As introduced above MROF computes optical flow on image frames from
a lower resolution stream to reduce computational complexity of
optical flow. In one embodiment, when a high-resolution image frame
is received, the optical flow computation is performed with that
high-resolution image (e.g., from low to high). MROF therefore
allows for creation of high-resolution and high frame rate output
video with reduced computational effort. The variation of the
number of low-resolution frames in the process depends on the
available resources, such as camera and platform/device
performance. With regards to FIG. 3, at block 305, the embodiment
(e.g., MROF) receives a first image frame from a first plurality of
images having a first resolution, the first plurality of images
having a first resolution and a first frame rate.
[0040] At block 310, the embodiment receives a second image frame
from a second plurality of images, the second plurality of images
having a second resolution less than the first resolution and a
second frame rate. In some embodiments, the first plurality of
images (i.e., high-resolution images, low frame rate) are received
from a first camera sensor, and the second plurality of images
(i.e., low-resolution, high frame rate) are received from a second
(i.e., different or separate) camera sensor. In other embodiments,
the first plurality of images and the second plurality of images
are received from a same camera sensor.
[0041] At block 315, the embodiment computes optical flow from the
first image frame to the second image frame. In some embodiments,
if a high-resolution frame arrives at the same time as a
low-resolution frame, MSOF can directly use the high-resolution
frame without computing the registration.
[0042] At block 320, the embodiment outputs, based at least in part
on the first optical flow from the first image frame to the second
image frame, a third image frame as part of an output stream, the
output stream having a frame rate greater than or equal to the
first frame rate, and the third image frame has a resolution
greater than or equal to the second resolution. In one embodiment,
the first plurality of images comprise a first frame rate, the
second plurality of images comprise a second frame rate greater
than the first frame rate, and the third image frame is one of a
third plurality of images output with a frame rate greater than the
first frame rate. In some embodiments, MROF outputs a depth map at
the third resolution in response to the computed optical flows. For
the depth estimation MSOF may keep the latest "N" input image
frames in memory or some equivalent storage. This allows MSOF to
select two frames for the triangulation with a certain baseline.

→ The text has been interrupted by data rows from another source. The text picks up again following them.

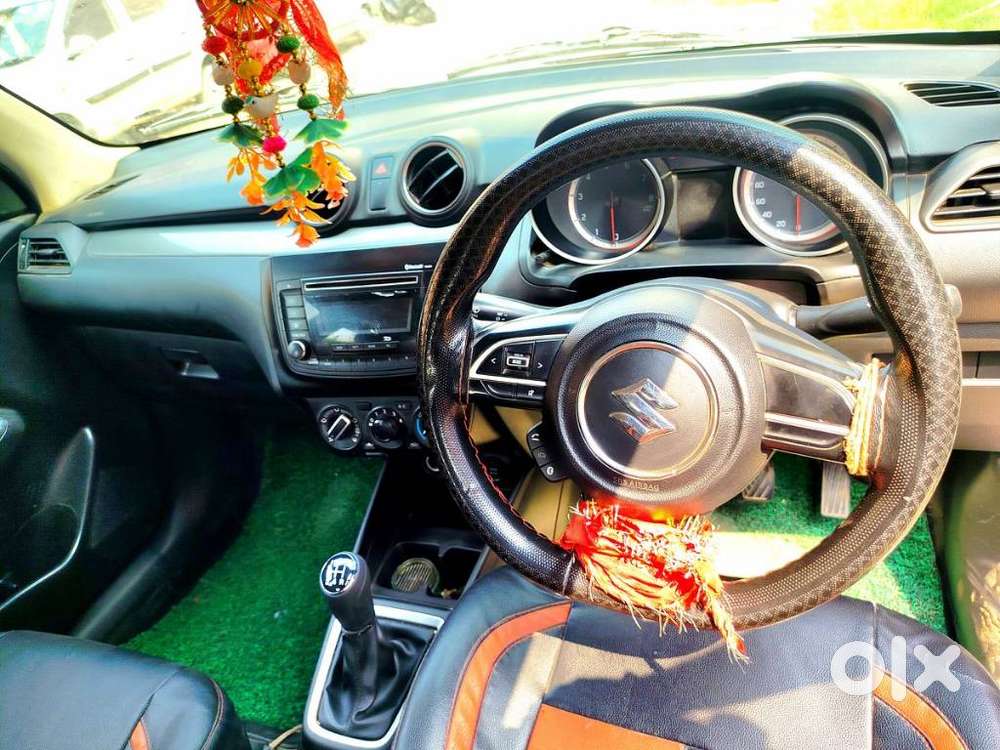 Maruti Suzuki Swift Vxi + Manual, 2018, Petrol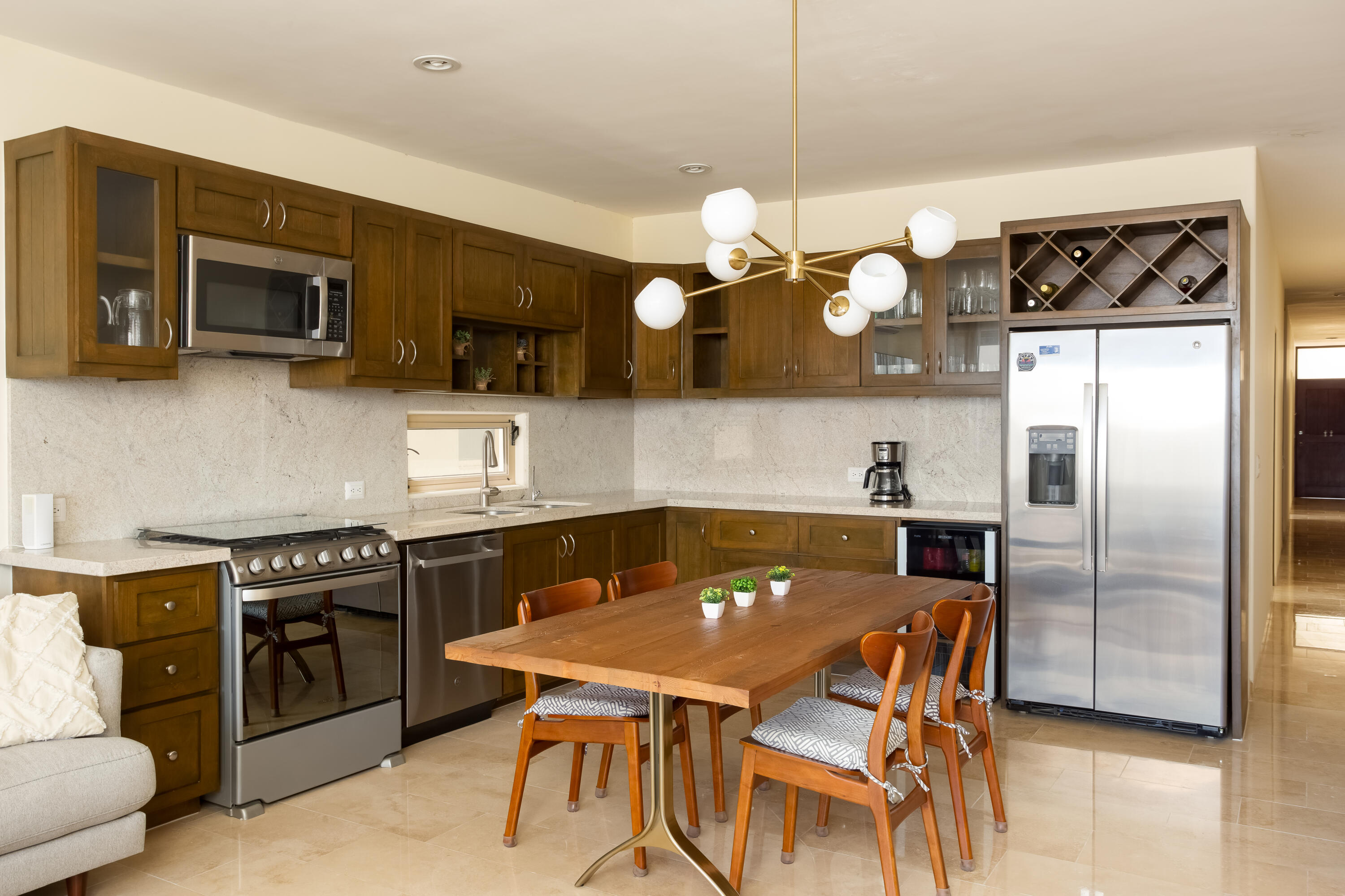 Penthouse 642 Ventanas 3B
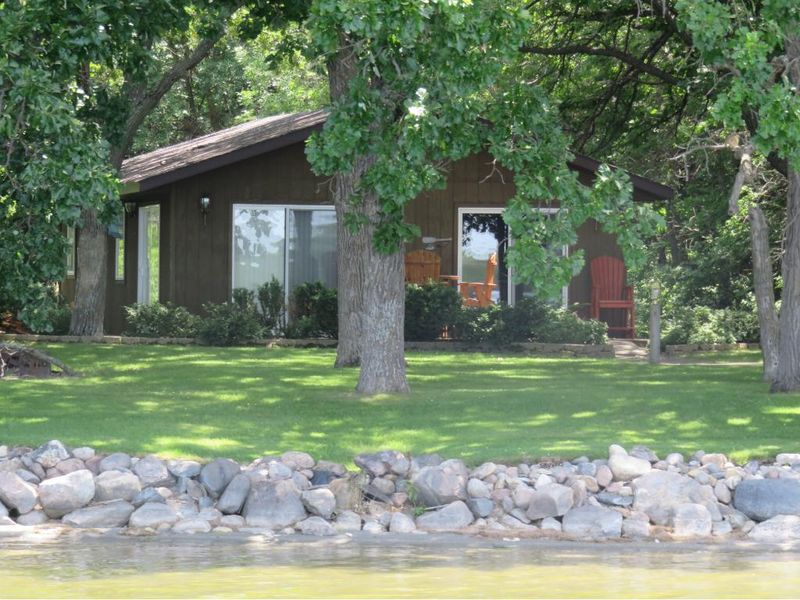 27259 Oak Point Rd, Elbow Lake, MN 56531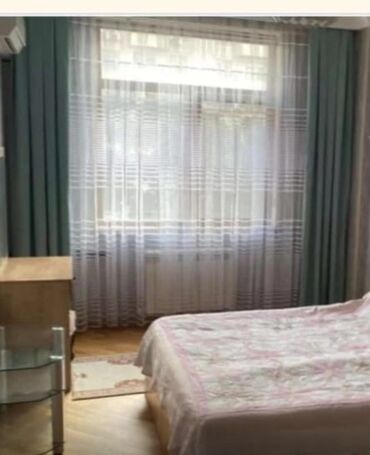 pəncərə altı: Təknəfərlik çarpayı, Komod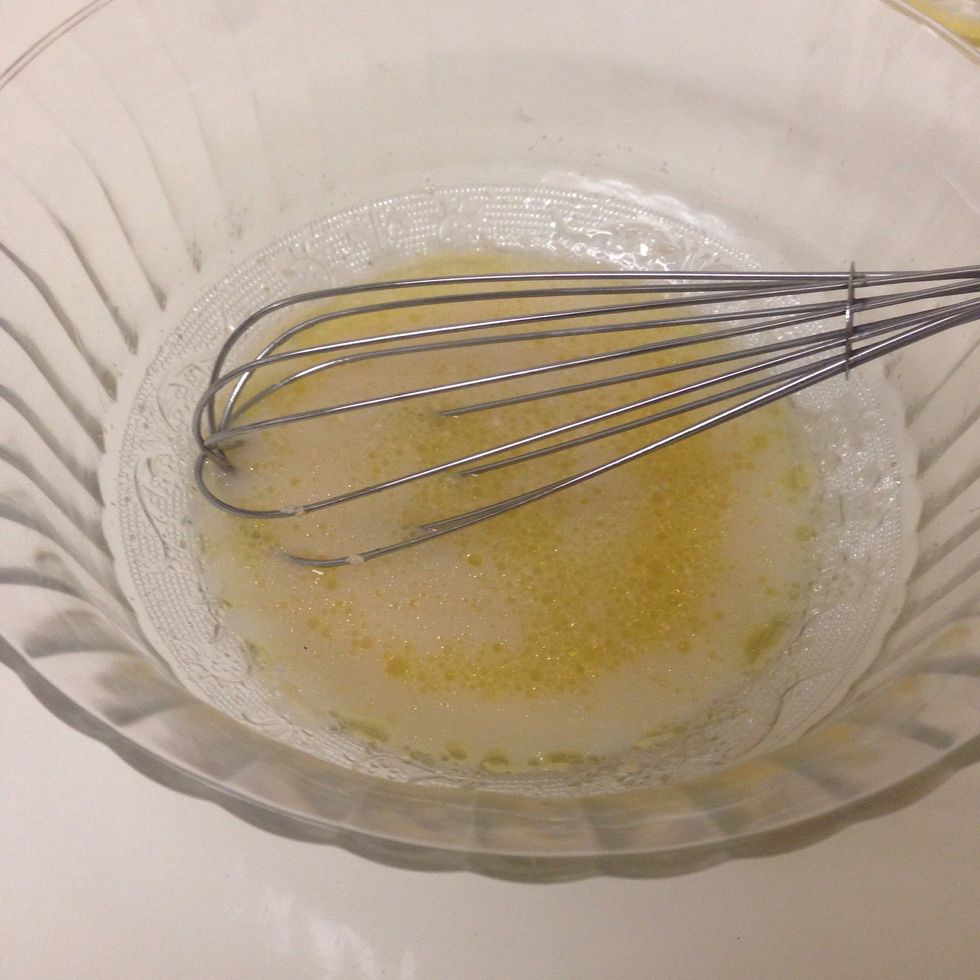 We'll prepare the dough first. In a bowl combine 1/2 cup warm water, 1 tbs yeast, 2 tsp sugar and 1 tbls olive oil with 1/2 tsp salt. Mix and set aside for 5 minutes.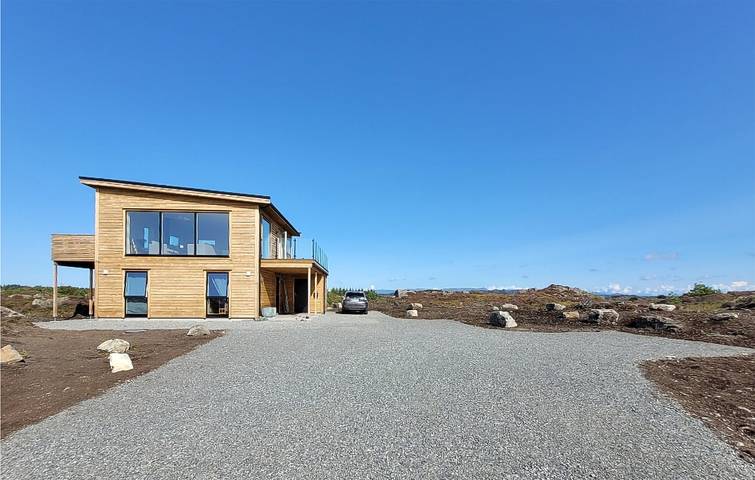 Ferienhaus für 7 Personen, mit Terrasse und Garten in Bømlo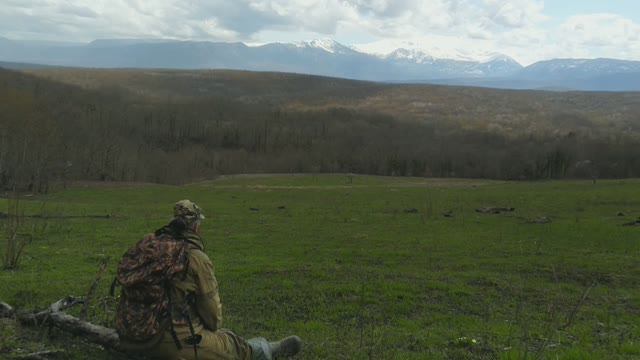 В горы за черемшой...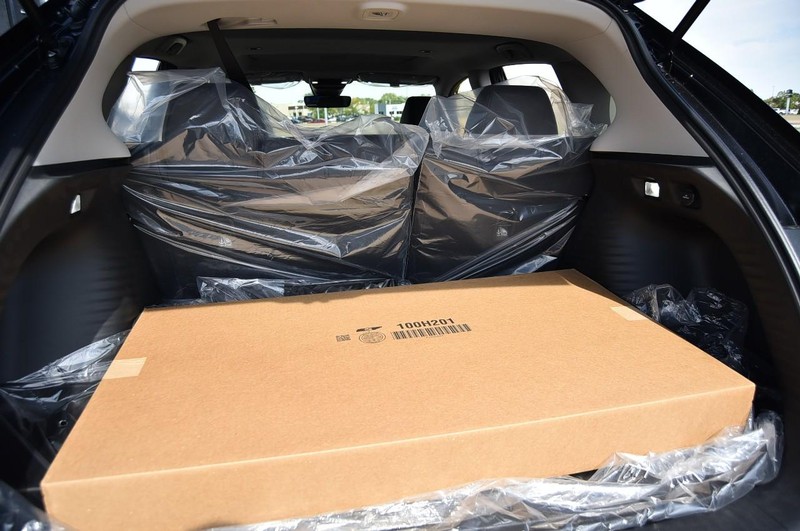 Honda HR-V Vehicle Full-screen Gallery Image 26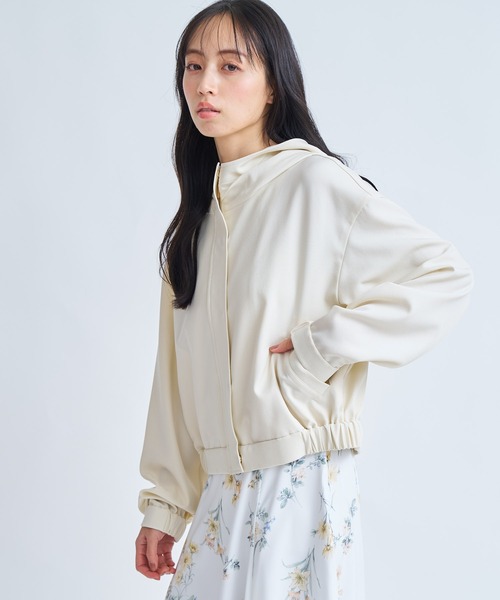 NOELA(ノエラ)の「コンパクトフーディージャケット(その他アウター・レディース・オフホワイト/ベージュ・M/S)」の5枚目の写真
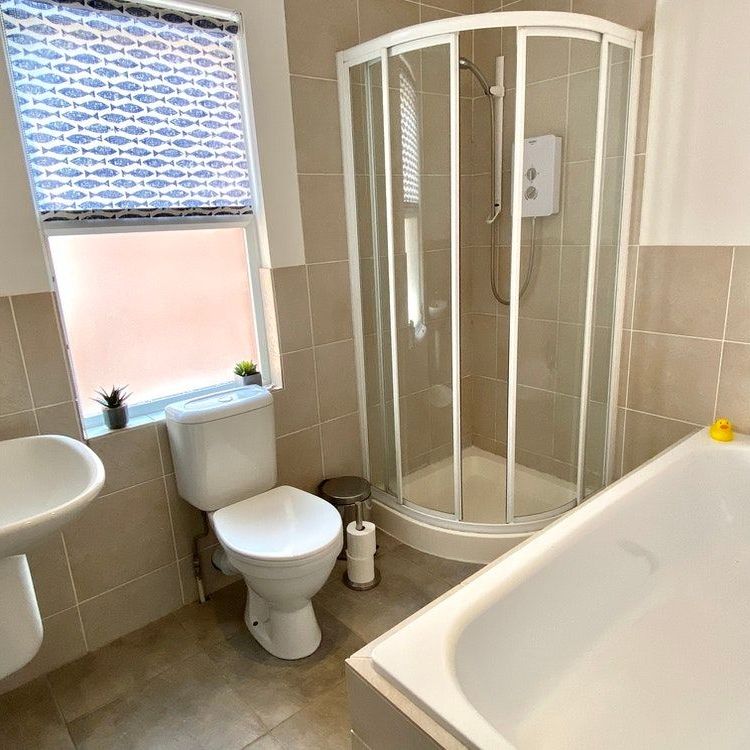 Room in a Shared House, Dulverton Road, LE3 - Photo 1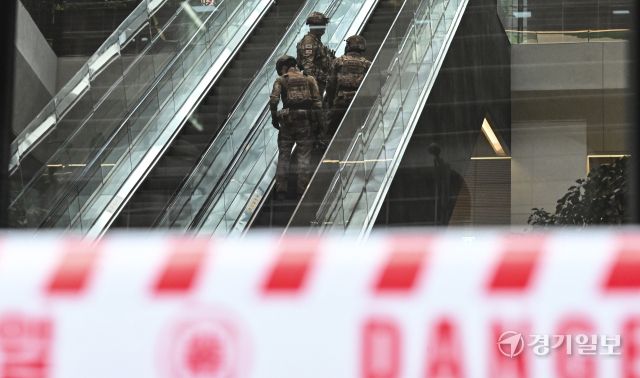 15일 오전 성남시 분당구 카카오 판교아지트 건물에 폭발물 설치 협박이 있었다는 사측의 신고가 접수돼 경찰과 군이 수색에 나섰다. 사진은 이날 오후 공군폭발물처리반이 폭발물 수색을 하는 모습. 홍기웅기자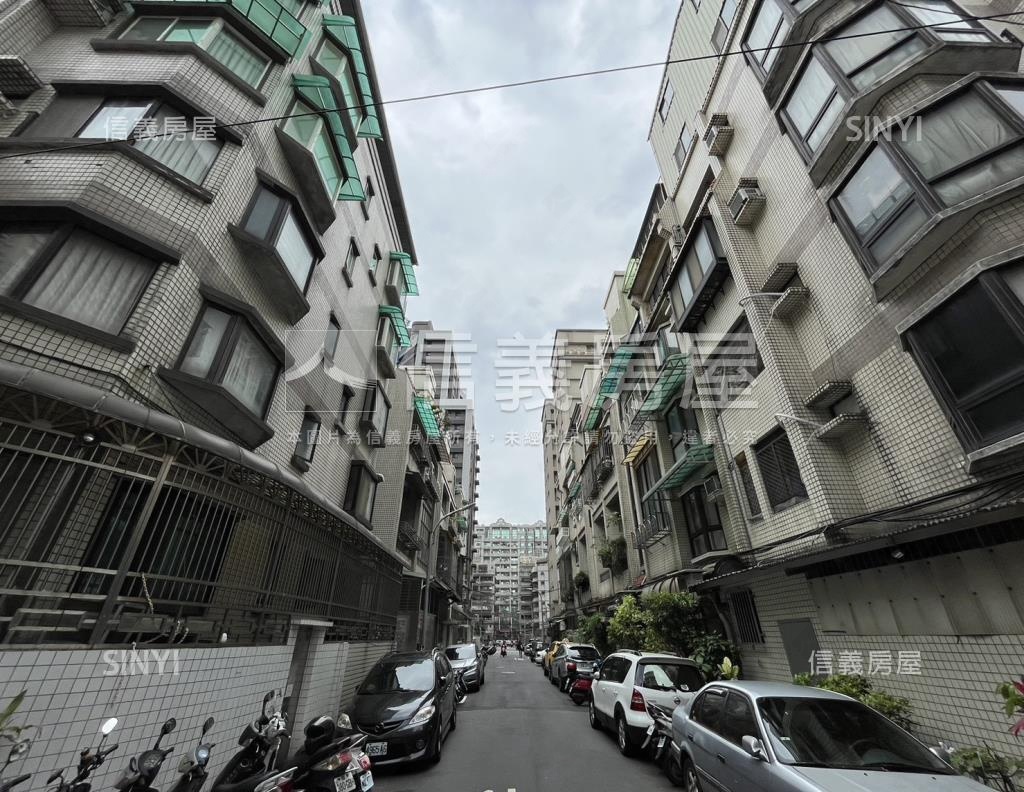 新海路72巷41-51號公寓社區外觀及周邊環境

For example, MSOF can use the camera pose from the tracking system
to estimate the baseline.
[0043] FIG. 4 is a functional block diagram of a processing unit
400 for optical flow computations, in one embodiment. In one
embodiment, processing unit 400, under direction of program code,
may perform processes 200 and/or 300, discussed above. For example,
a temporal sequence of high-resolution, low frame rate images 402
may be received by the processing unit 400. The high-resolution,
low frame rate images are provided to the optical flow
determination module 406. The high-resolution images 402 are also
provided to image resampling module 404 for optional subsampling.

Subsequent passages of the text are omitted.